Uitspraak
RECHTBANK ROTTERDAM
handelend onder de naam [handelsnaam],
Rechtbank Rotterdam
In deze zaak heeft de kantonrechter van de Rechtbank Rotterdam op 5 februari 2021 uitspraak gedaan in een civiele procedure tussen eiseres en gedaagde, waarbij eiseres schadevergoeding vorderde van gedaagde, een acupuncturist. Eiseres stelde dat zij op 17 en 18 juni 2020 door gedaagde was behandeld met warmte-kompressen, wat resulteerde in brandwonden op haar knieën. Eiseres had gedaagde aansprakelijk gesteld voor de schade die zij had geleden als gevolg van deze behandeling. Gedaagde ontkende echter de behandeling en de aansprakelijkheid, en stelde dat eiseres niet had aangetoond dat de behandeling had plaatsgevonden.
De procedure begon met een dagvaarding van eiseres op 5 oktober 2020, waarin zij vorderingen deed tot schadevergoeding en vergoeding van proceskosten. De kantonrechter heeft vastgesteld dat eiseres de bewijslast droeg voor haar stellingen, maar dat zij niet voldoende bewijs had geleverd om haar claims te onderbouwen. De kantonrechter oordeelde dat de overgelegde factuur en andere bewijsstukken niet aantoonden dat gedaagde de behandeling had uitgevoerd zoals door eiseres gesteld.

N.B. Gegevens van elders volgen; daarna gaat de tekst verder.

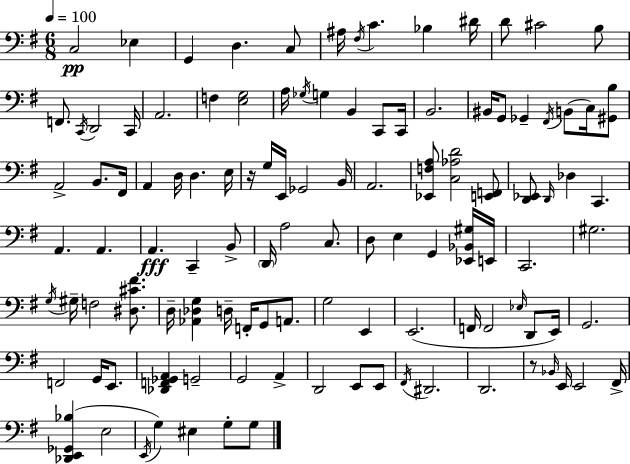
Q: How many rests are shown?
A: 2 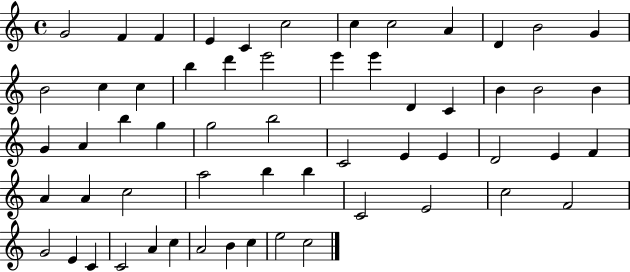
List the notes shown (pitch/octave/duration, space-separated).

G4/h F4/q F4/q E4/q C4/q C5/h C5/q C5/h A4/q D4/q B4/h G4/q B4/h C5/q C5/q B5/q D6/q E6/h E6/q E6/q D4/q C4/q B4/q B4/h B4/q G4/q A4/q B5/q G5/q G5/h B5/h C4/h E4/q E4/q D4/h E4/q F4/q A4/q A4/q C5/h A5/h B5/q B5/q C4/h E4/h C5/h F4/h G4/h E4/q C4/q C4/h A4/q C5/q A4/h B4/q C5/q E5/h C5/h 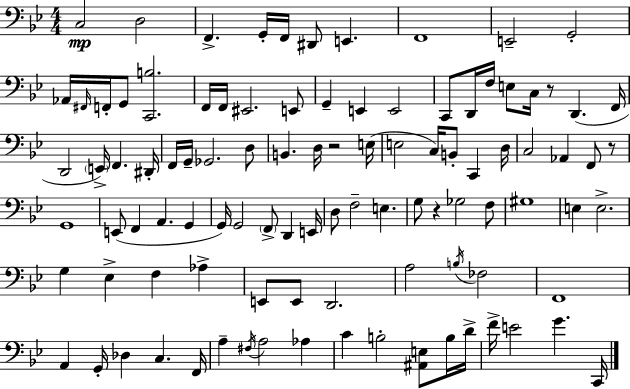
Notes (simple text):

C3/h D3/h F2/q. G2/s F2/s D#2/e E2/q. F2/w E2/h G2/h Ab2/s F#2/s F2/s G2/e [C2,B3]/h. F2/s F2/s EIS2/h. E2/e G2/q E2/q E2/h C2/e D2/s F3/s E3/e C3/s R/e D2/q. F2/s D2/h E2/s F2/q. D#2/s F2/s G2/s Gb2/h. D3/e B2/q. D3/s R/h E3/s E3/h C3/s B2/e C2/q D3/s C3/h Ab2/q F2/e R/e G2/w E2/e F2/q A2/q. G2/q G2/s G2/h F2/e D2/q E2/s D3/e F3/h E3/q. G3/e R/q Gb3/h F3/e G#3/w E3/q E3/h. G3/q Eb3/q F3/q Ab3/q E2/e E2/e D2/h. A3/h B3/s FES3/h F2/w A2/q G2/s Db3/q C3/q. F2/s A3/q F#3/s A3/h Ab3/q C4/q B3/h [A#2,E3]/e B3/s D4/s F4/s E4/h G4/q. C2/s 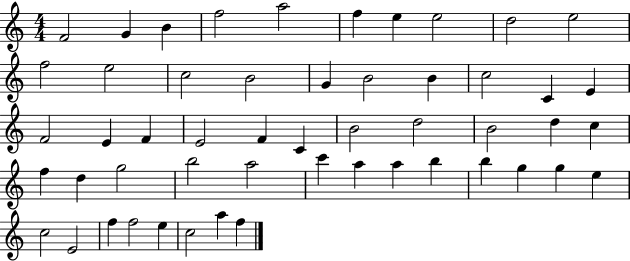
X:1
T:Untitled
M:4/4
L:1/4
K:C
F2 G B f2 a2 f e e2 d2 e2 f2 e2 c2 B2 G B2 B c2 C E F2 E F E2 F C B2 d2 B2 d c f d g2 b2 a2 c' a a b b g g e c2 E2 f f2 e c2 a f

Uiteindelijk heeft de kantonrechter de vorderingen van eiseres afgewezen en haar veroordeeld in de proceskosten, die aan de zijde van gedaagde op nihil zijn begroot, aangezien gedaagde zonder gemachtigde procedeerde. Dit vonnis benadrukt het belang van bewijsvoering in civiele zaken en de rol van de bewijslast bij geschillen over aansprakelijkheid.